Right. I think this is a dream for a lot of people, but I tried to do it. And I actually ended up selling a script to Fox. Oh, nice. And the big lesson from that was this. A lot of people I knew at my age in the early 20s, they had gone to Hollywood to try to be a screenwriter. But the problem is you don't have any stories.
Like you have nothing to tell. Like you're just living your Hollywood
Liberty: life. It's like how bands, all their second and third albums are about touring because that's all they do by that
Trung Phan: point. Exactly. So like if you're living in Hollywood working for an agency, you're in the coffee room, like what stories do you have?
What are you telling? Whereas I kind of backdoored it. It's like, yeah, here's my story. I'm like this idiot. Parents sacrifice their life to move to Canada and North America. And then he goes back and he's just being a total idiot in Vietnam. Like that's my story. Fish out of water, reverse fish out of water.
And he's just like spending years in Vietnam. Expat communities are so fascinating. There's a certain hierarchy in Asia with expat communities. Like if you went to Harvard business school and you're an expat in Asia, that probably means you're in Tokyo or Hong Kong or Singapore working for Goldman. If you're in Southeast Asia as an expat.
This means you did not go to Harvard business school. This means that you were working construction, making 6k and wondering how you could blow it. There are tiers in East Asia. I mean, obviously Asia is not a monolith, but to a lot of people it is. But like the top tier cities, Seoul, Shanghai, Hong Kong, Singapore, Tokyo.
You're living there. That means as an expat, you're getting extremely well paid and you're probably doing something of note. You're in Southeast Asia, you're in Cambodia, you're in Thailand, you're in Vietnam. And listen, I'm not dogging people doing this, but as a person, anecdotal experience is like, you're probably not the cream of the crop as an expat, as a foreigner, or you're not the most ambitious person in the world, which is fine too.
Totally fine. I'm not judging. I'm just sharing my experience. So yeah, I wrote a script there. The script was, it was The Fugitive meets Harold and Kumar set in Southeast Asia. Like that's the pitch. Every line in that movie would get me cancelled now. It was like, that was written in 2010, a totally different time.
I'd probably have to rewrite the entire thing. And I have over the years, but the TLDRs, we sold it. We thought it was going to get made a lot of issues around financing because Western studios don't actually want to finance directly because they know in Southeast Asia, there's a lot of bribes being paid and corruption.

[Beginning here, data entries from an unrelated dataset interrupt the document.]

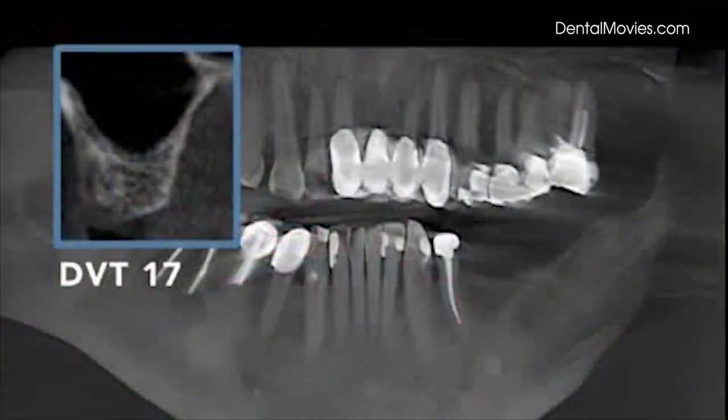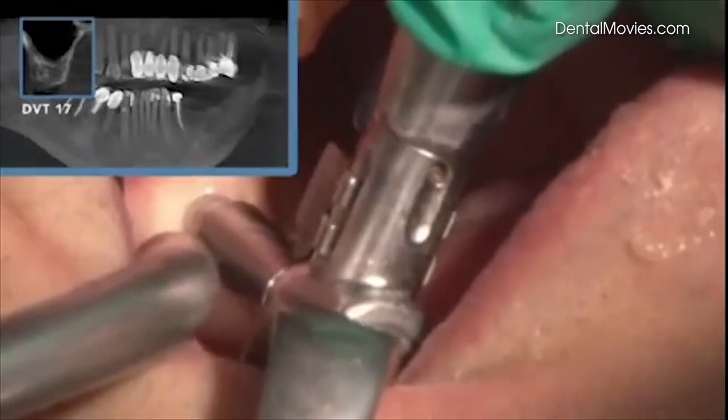The sinus lift is done at position 1-7. This will be a bridge 5, 6, 7, with a remaining bone height of 6 mm.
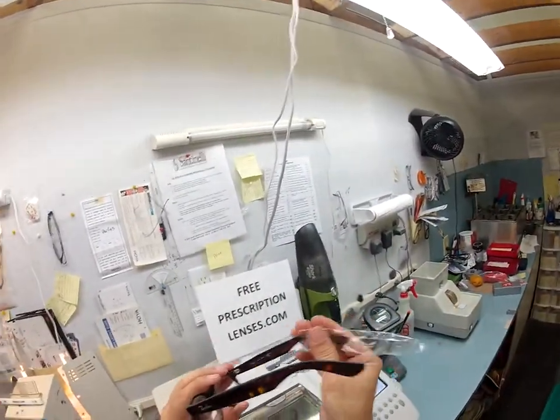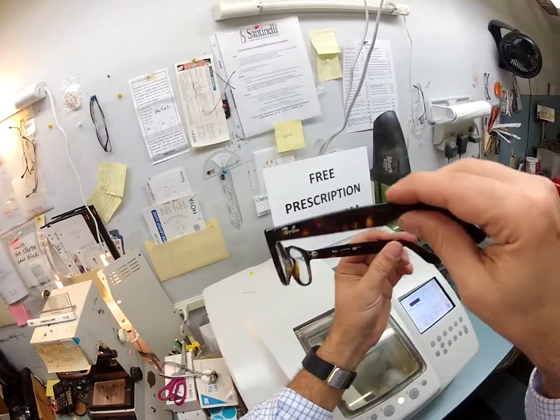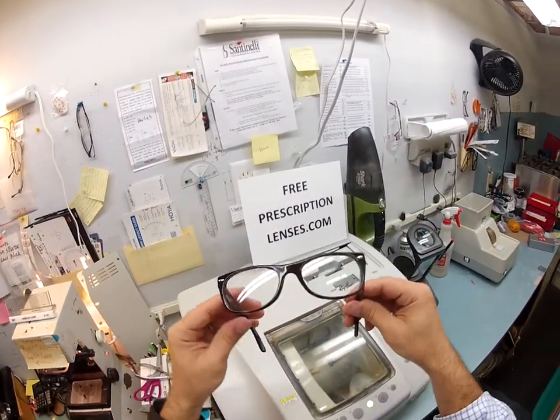If they think it's a good idea to send it with one, well, by golly, I'm going to put a second one on this side when I ship to you, so I have twice the protection. This is the dark Havana and I'm going to cut some clear lenses for it.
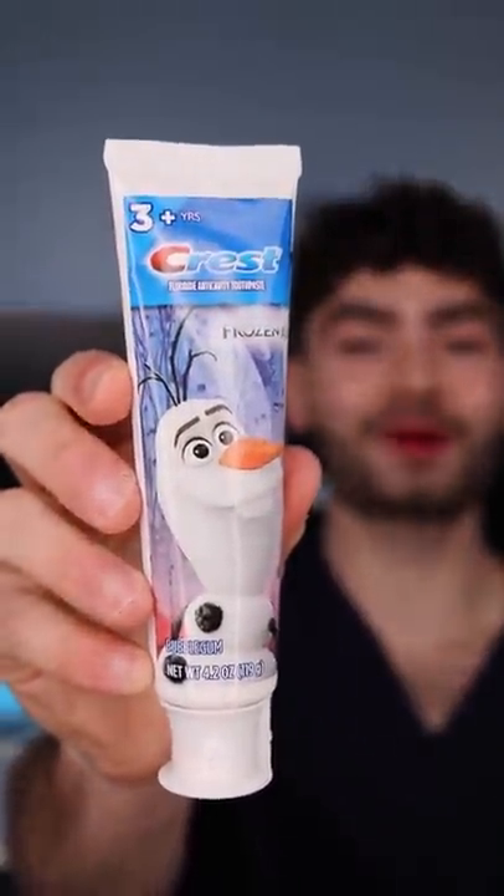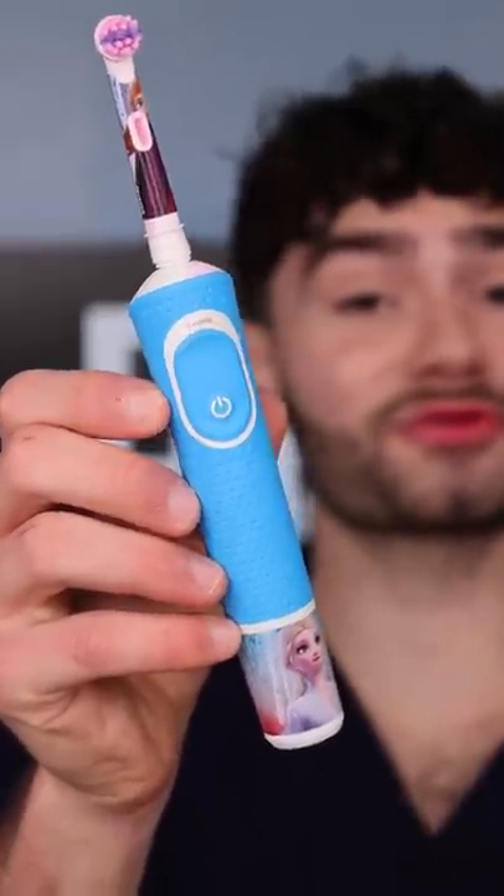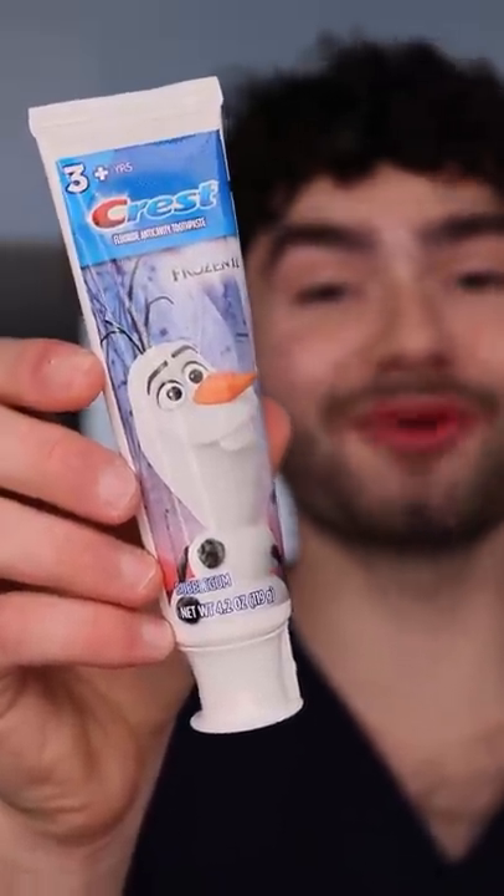Olaf toothpaste to knock the plaque away — fat glob. This is Dental Digest. Let's get brushing. Elsa's using her powers to freeze the sugar bugs, and this Olaf toothpaste feels like a warm hug.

So you have to find like local banking partners. There's a lot of things that ended up why I didn't get.
Liberty: So the money still ends up in bribe, but indirectly,
Trung Phan: right? Indirectly, like legitimately, like they need local partners, spend money, spend money, coffee money. But yeah, so I thought it was going to be a comedy screenwriter just 10 years ago.
I did end up working out, but kind of what you alluded to. Is circled it and came all the way back to what I cared about, which is. Comedy, trying to make people laugh, but now using the medium of Twitter and the business knowledge I gained over the years. Like I did my MBA, don't care about any of that stuff, but I can be funny about it.
And that's the value. It's
Liberty: perfect example of how the gatekeepers are going away because you're kind of doing what you want to do and you probably have much more personal freedom and independence and control of your time and basically your creation than you would have if you were some writer's room somewhere.
You're probably reaching I don't know, maybe a bigger audience, that's hard to know because a show can go big or get canceled after one season or a pilot, you never know. But you're kind of doing a lot of the stuff you want to do, but without anybody's permission now, which is a new thing. Not so long ago that it would be just impossible and there's so few spots and so they probably can treat people pretty badly until you become like a franchise kind of person.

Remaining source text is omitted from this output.